Draft suggests core-course learning goals

FAYETTEVILLE -- Core educational requirements under a draft proposal from University of Arkansas, Fayetteville faculty members would formally emphasize ethical reasoning, diversity in the United States and global awareness.

Ten learning goals for UA undergraduates have been developed over the past year by a group of 13 faculty members, said David Jolliffe, chairman of the General Education Core Curriculum Committee.

He said at a town hall-style meeting Wednesday that the ideas have yet to be formally presented for approval, with the immediate goal to get more feedback on the measures.

Jolliffe, an English professor, said approval would involve the university's faculty senate, a larger group that has no further meetings scheduled for this academic year.

He said that the goals complement the state's existing minimum core requirements, which consist of 35 semester hours fulfilling five areas: English/communication, mathematics, science, fine arts/humanities and social science.

"Those hours will still be there," Jolliffe said.

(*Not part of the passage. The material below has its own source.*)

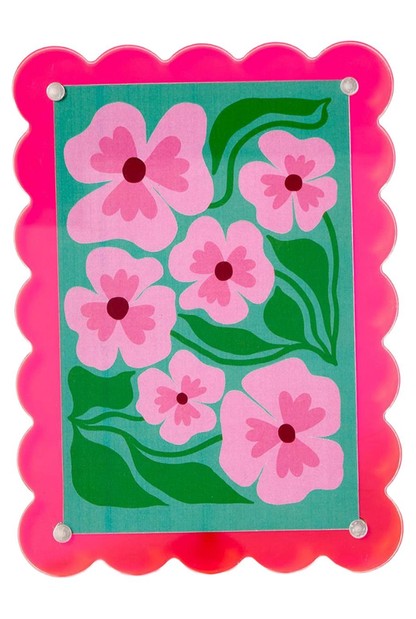 Scalloped Edge Acrylic Photo Frame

But "rather than simply courses you need to take, we've reshaped it so that we're thinking about this as goals that students achieve when taking these courses."

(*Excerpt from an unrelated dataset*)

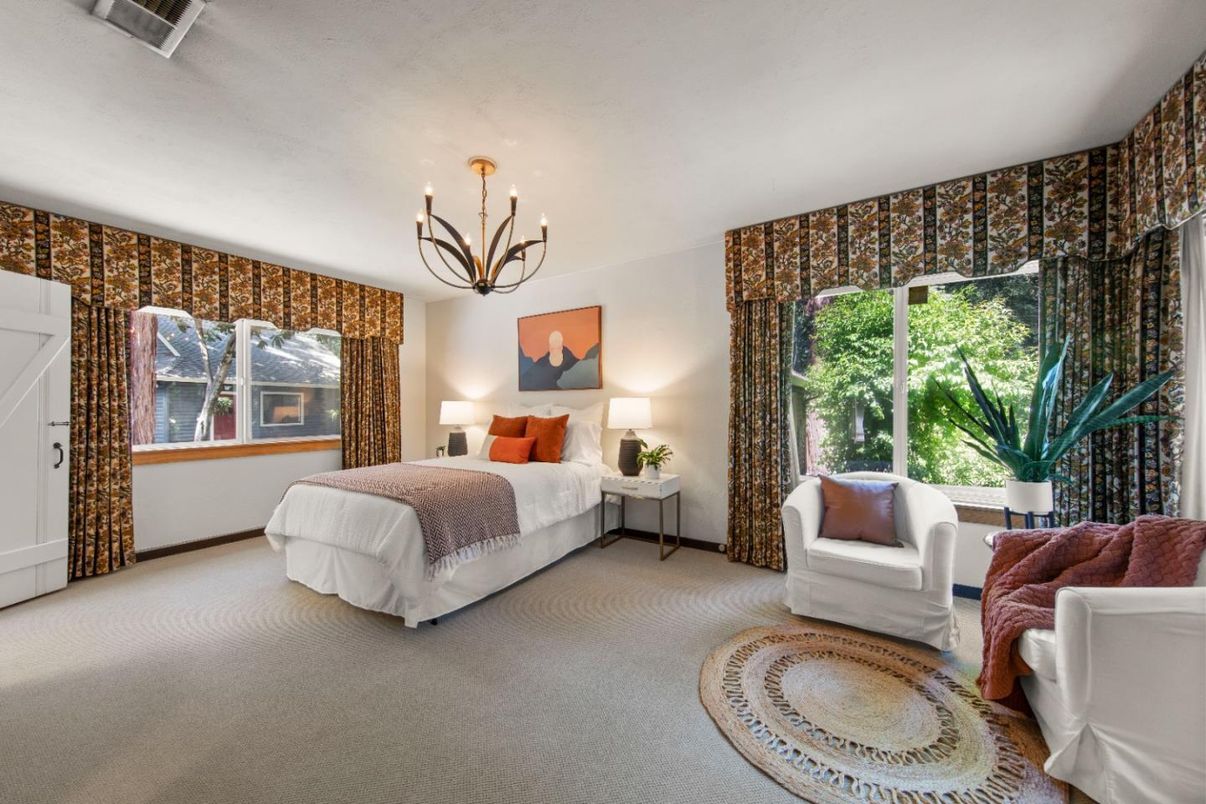 Bedroom, Chandelier, Interior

Students at UA need a minimum of 120 credit hours to graduate.

The committee recommended "core" goals tied to understanding academic subjects, plus "value-added" goals relating to ethics and critical thinking, diversity and international awareness.

Other recommendations include having students take more courses with a "substantial writing/speaking/multimodal communication component," support for an electronic portfolio system and the creation of thematic links between courses satisfying requirements.